Its fourth album, "The Reckoning," debuted at No. 6 on the Billboard album charts in September 2011, and I named it the best album of 2011 in The Tribune's annual Top 10 pop-culture list.
And the band performed on "The Tonight Show with Jay Leno" in June its second time on the show in less than a year, a rare honor. The members met Katy Perry, Leno's featured guest, at the taping.
Perry and the band's two leaders, Bo and Bear Rinehart, all come from Christian households. All were Christian musicians before crossing over into the music mainstream. While Perry has gone on to become the vampish poster child of the zeitgeist, the Rineharts aren't convinced of their acceptance into a world of stardom.
The Rinehart brothers have matching tattoos that bear the name of their third album, as well as their world view: The Outsiders.

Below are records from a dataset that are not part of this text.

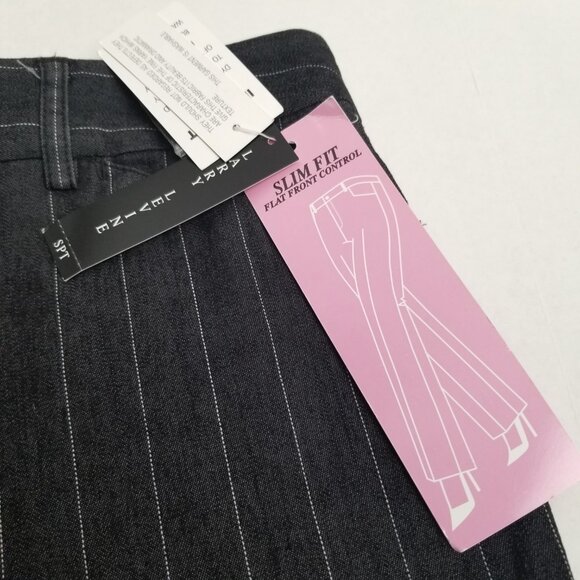 Larry Levine Stretch Capri Pants Size 12 Black Pinstripe Academia Office Career - Picture 6 of 11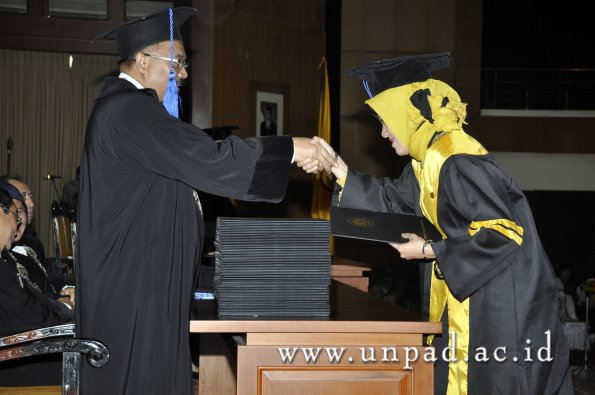 dok-humas-unpad_ilalang-foto_wisuda-gel-1-2010-2011_s2-fisip_001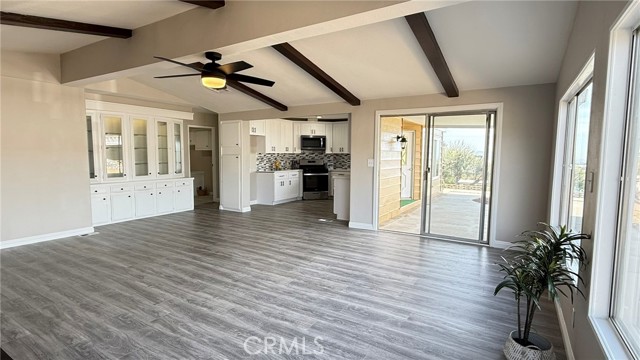 Detail Gallery Image 10 of 31 For 10079 Chisholm, Cherry Valley,  CA 92223 - 2 Beds | 2 Baths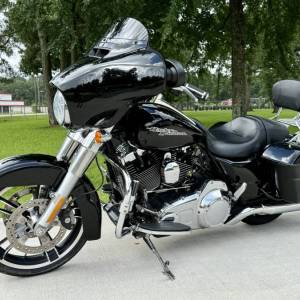 2016-harley-davidson-street-glide-flhx-05_original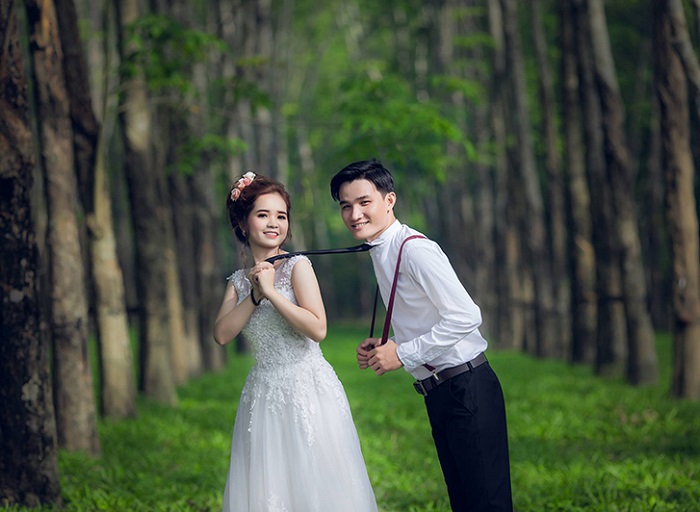 Ảnh cưới trong rừng là một ý tưởng lãng mạn và độc đáo để kết hợp với nét đẹp hoang dã của thiên nhiên. Hãy xem những bức ảnh này để cảm nhận được tình yêu và sự tươi trẻ của cặp đôi trên nền trời xanh mênh mông.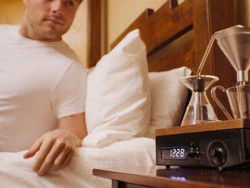Alarm Ini Bisa Membangunkan Anda dengan Aroma Harum Kopi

"I don't know if that perspective will ever leave us," said Bear Rinehart (who, yes, was named after famed football coach Bear Bryant).
Bo agreed. "Even though we've gained more fans, we don't feel a part of what's popular."
That view comes from South Carolina, where they still live. The brothers, along with bass player Seth Bolt, grew up in the imaginatively named small burg Possum Kingdom.
The Rineharts remember the first time they learned of Bolt. He was an 8-year-old schoolmate who rapped Vanilla Ice songs to the Rineharts' sister in a curious attempt to woo her. And the band's former drummer, Joe Stillwell, who left amicably this summer to focus on his family, had been a friend since the three met him in eighth grade. "We are a band with the only musicians we ever knew," Bear said.
After college, the band played throughout the Southeast and earned a reputation for intense, emotionally charged live shows that reflected the musicians' Christian beliefs of temptation, hope, sin and salvation. Atlantic Records signed them in 2005 and immediately marketed them in the growing Christian market, despite some worries in the band about being pigeonholed.
"The last few records, we weren't trying to make the record a certain thing," Bear said. "Faith keeps coming up in the songs, and we're trying to find the most earnest way to say it. Our ideas in what we believe in haven't dwindled."
Bo added: "It's important for me to make art that's important for me. Of course, you want to have as many people as possible to hear it."
Since 2009, the group has won nine Dove Awards, awarded by the Gospel Music Association of the United States to recognize outstanding achievement in the Christian music industry.
This year, "The Reckoning" won the award for Rock/Contemporary Album of the Year, although you won't find the word "Jesus" in any of the band's lyrics. More typical are themes expressed like those in the single "Drive All Night":
Beg the book to turn the page
'Cause I get stuck where the villains get away
Somewhere in this wretched tale there must be a line
Where the victim gets his way
Just one time, I'll get mine
So, is Needtobreathe a Christian band, or a band that happens be led by Christians?
In a sense, being an outsider means being a touring band that straddles the line between the Dove and Grammy Awards, and in the end not caring much about labels.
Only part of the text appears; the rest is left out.